The huge bummer of the graphic novel is that someone labors for ages over their creation and then you sit down with your pint of Chubby Hubby and make mincemeat of both of them within the hour. I always feel a little awful about it, and this is probably the kind of thing the French have a word for—the sorrow of beauty’s brevity.
Anyway, it’s hard to imagine a [French-word-for-the-sorrow-of-beauty’s-brevity] more hollowing than the end of summer. Those last days of August nearly slaughtered me when I was a child—time closing in and thinning out, cooling all your firefly sparks and kicking them under dead leaves. Ugh.
Jillian and Mariko Tamaki’s most recent graphic novel, This One Summer, is a story, on its face, about the end of one season in the lives of two families. But it’s also—subtly, brilliantly—a story about girlness and womanness, from incipience to crux to decline, and the spaces between those lodestars and what it is to inhabit them.

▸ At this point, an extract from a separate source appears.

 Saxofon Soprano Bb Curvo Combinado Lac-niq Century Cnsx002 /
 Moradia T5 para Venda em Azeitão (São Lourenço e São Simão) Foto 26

The protagonist of This One Summer is Rose, a girl teetering on the cusp between child- and adulthood, away with her mother and father on their annual vacation to a little lakeside town. Rose’s summer buddy, Windy, a year and a half younger, is fascinated by Rose, but also a little leery—she watches her for clues about what her own future will hold. Windy’s at the lake with her mother, and there’s also a wonderful, salty grandmother and a couple of teenaged girls poured into short-shorts and halter tops, bringing to mind the Triple Goddess—maiden, mother, crone.
The plot, appropriate for the daze of summer, is not complicated, but for all its apparent simplicity, it’s a story with a lot of heavy stuff going on. Without being too spoilery, the subject of fertility plays a fairly central role, with marital discord setting up a good handful of scenes, plus a few cameos by our old pal Internalized Misogyny. Even death reard its seamonster head in a series of dark, disturbing panels late in the book.
Jillian Tamaki’s washed-out lavender/blue/gray scheme keeps the action at a remove, like these are your own memories dimly recalled from hot, bright days long past; it also provides a constant immersion in the melancholy at the story’s core—all the things we have to leave behind in order to become the things we’ll be.
If this all sounds too serious, let me drop the knowledge that Windy (who is so true to herself and thoroughly charming as to border on Manic Pixie Dream Summer Buddy territory) krunks at one point in the book, which, if comic book krunking doesn’t make you want to get on this like yesterday, I don’t even know.
This One Summer manages to be a sweet, poetic tribute to summer while also slyly stirring deep waters—it’s a particularly excellent read for women, from middle graders on up.